Louis Sanderson, 20, is the Prospective Labour Party candidate for the 2021 Cornwall Council Elections in Torpoint, South East Cornwall. At the age of 20, he is a healthcare worker and the youngest candidate in Cornwall.

Louis Sanderson for Torpoint, Cornwall (Image: Facebook)

Louis first delved into the world of politics when he joined the Labour Party in 2016 at the age of 14. He said he has always had an avid interest in what was going on in the world, but certain events such as the bombing of countries are what made him take a second look at the changes that needed to happen on a more local scale.

“I’ve always had a bit of an interest in the background of it. I suppose I was probably a nerdy kid growing up, I would always pay attention to the news.

“The first time I got properly energised by it was when I joined the Labour Party, just over five years ago. If I’m quite honest, the thing that got me into it at the start was around the time we were talking about starting to go abroad and start bombing places like Syria and Iraq.

“On one side there was a party, a group of people, that were saying we probably shouldn’t go abroad and bomb places, and that we should maybe start thinking about putting money into our hospitals or making education a bit nicer instead.
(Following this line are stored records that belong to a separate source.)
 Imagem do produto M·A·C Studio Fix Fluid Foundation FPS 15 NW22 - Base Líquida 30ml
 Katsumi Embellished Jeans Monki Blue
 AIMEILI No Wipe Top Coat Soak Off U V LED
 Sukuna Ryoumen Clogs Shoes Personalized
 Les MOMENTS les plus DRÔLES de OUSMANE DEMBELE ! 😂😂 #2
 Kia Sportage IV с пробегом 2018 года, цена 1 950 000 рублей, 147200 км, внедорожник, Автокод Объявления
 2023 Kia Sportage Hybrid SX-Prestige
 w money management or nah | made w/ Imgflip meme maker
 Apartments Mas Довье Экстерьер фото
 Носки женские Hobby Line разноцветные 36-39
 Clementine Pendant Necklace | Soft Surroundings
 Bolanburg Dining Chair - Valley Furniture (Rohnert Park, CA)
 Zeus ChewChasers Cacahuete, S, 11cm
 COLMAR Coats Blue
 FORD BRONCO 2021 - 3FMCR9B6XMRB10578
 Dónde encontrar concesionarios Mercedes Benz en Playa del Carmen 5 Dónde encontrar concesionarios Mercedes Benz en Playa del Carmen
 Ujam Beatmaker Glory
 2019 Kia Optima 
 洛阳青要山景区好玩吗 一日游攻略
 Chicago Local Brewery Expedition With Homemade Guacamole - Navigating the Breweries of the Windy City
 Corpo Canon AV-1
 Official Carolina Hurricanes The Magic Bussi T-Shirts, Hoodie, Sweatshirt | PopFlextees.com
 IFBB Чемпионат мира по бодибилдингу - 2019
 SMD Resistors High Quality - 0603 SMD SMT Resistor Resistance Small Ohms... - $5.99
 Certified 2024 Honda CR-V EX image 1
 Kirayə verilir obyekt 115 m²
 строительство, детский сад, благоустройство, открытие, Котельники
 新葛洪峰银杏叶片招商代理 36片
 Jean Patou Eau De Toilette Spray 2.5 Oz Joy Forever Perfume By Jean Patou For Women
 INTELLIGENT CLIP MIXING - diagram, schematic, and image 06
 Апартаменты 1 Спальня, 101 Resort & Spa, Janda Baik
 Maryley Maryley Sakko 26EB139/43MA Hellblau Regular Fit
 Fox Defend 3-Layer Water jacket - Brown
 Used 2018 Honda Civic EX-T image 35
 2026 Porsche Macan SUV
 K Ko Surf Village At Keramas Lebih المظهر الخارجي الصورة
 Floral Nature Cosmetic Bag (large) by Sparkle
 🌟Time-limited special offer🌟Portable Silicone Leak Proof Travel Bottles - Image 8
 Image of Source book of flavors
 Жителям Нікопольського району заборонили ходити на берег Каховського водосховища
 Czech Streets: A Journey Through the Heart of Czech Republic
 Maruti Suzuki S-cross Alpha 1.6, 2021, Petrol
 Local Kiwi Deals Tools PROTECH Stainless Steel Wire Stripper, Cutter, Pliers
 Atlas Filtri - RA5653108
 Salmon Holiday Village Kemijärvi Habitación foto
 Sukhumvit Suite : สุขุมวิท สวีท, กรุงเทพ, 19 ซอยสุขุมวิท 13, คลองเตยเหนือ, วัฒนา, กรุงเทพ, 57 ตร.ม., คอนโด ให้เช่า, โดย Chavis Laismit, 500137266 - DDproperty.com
That’s when I started thinking we could do things differently.”

Despite seeing a strong presence of Labour support locally in Falmouth, Cornwall is still vastly dominated by the Conservatives. The six constituencies of Cornwall are Conservative owned, so Louis and I discussed whether this made it harder for him to gain support.

“It can be tricky. Torpoint is a very solidly Tory town – we think the Tories have got around 65% of the vote around here.

“It’s quite Navy as well. There’s a stereotype within the Navy that they will never vote Labour. We also have a Tory club downtown, which is seen as a big community institution.

“Where I’m originally from, like Millbrook and Cawsand, there are a lot of people who, I think the way to put it, is down to earth. They’re quite left-leaning and interested in local community-based change. There’s a lot of fertile ground for Labour support there.

“It is tricky, but people are always happy to have a chat on the doorstep. I still get plenty of positive reception.”

However, it may not be the right-wing domination in Cornwall Louis may struggle with, but perhaps ambiguity due to his age. At 20 years old and delving into the world of politics, some may say he does simply not have enough life experience to fill this position. In terms of overcoming this issue, Louis said:

“It was always going to be a thing when I went into it. It’s understandable – I’ve heard mates’ parents say, “You’ve got no experience, why on earth are you going for it?”. But then I go to plenty of other peoples’ houses and they will ask, “What are you about” or “What are you thinking?” and I’ll talk about the changes I want to make. I want to get buses to connect to local towns or make them more affordable or cut down the cost 16–19-year-olds have to pay whilst getting to sixth form, for example.

“When I start talking about those sorts of policies or who I would be working with, people start to think that maybe I’ve got the right idea or that I can actually make a change.

“Once you start having those conversations, you knock down those barriers of age.”

Overcoming the barrier of getting older generations to trust you is one thing, but also engaging other younger people in politics is another issue.

Young people and their relationship to politics (Infographic created by Emily Wheeler)

Amanda Chetwynd-Cowieson, chair of the British Youth Council said now is the time to listen our younger generation, especially at a time where drastic decisions are being made for their future.

“As the government continues to make unprecedented decisions that affect the lives of young people, the government must make attempts to speak directly with young people and address the issues that affect them.”

With that being said, young people who are engaged with politics tend to swing to the side of Labour. So, with this in mind, how is Louis trying to engage more young people with politics?

“Young people are still definitely disconnected with politics. You get your burst of energy when it comes around to the General Elections, but when it’s the local elections, it’s a lot harder.

“To get more young people involved, we’ve got to start with schools – I’ve only had a couple of bits of political education in my school history. There just isn’t that engagement to get people thinking about all sorts of political ideas. Once you get to University it seems a lot different.

“Moving up to out of education and to the parties themselves, we need to get policies focused on young people. We need to get them interested and to start spreading the word. Things such as apprenticeships and tuition fees are what young people are concerned about, or how stable jobs are going to be after the pandemic.

“They need to start talking to young people on their level.”

Speaking to Louis was incredibly heart-warming. It was inspiring to see someone so young wanting and making active change locally, with young people at the core of his values. Being a young person in politics can be incredibly daunting as it is dominated by older generations. By having more younger people like Louis in local councils, we have more chance of seeing effective change that will not only benefit the older generation, but the younger one too.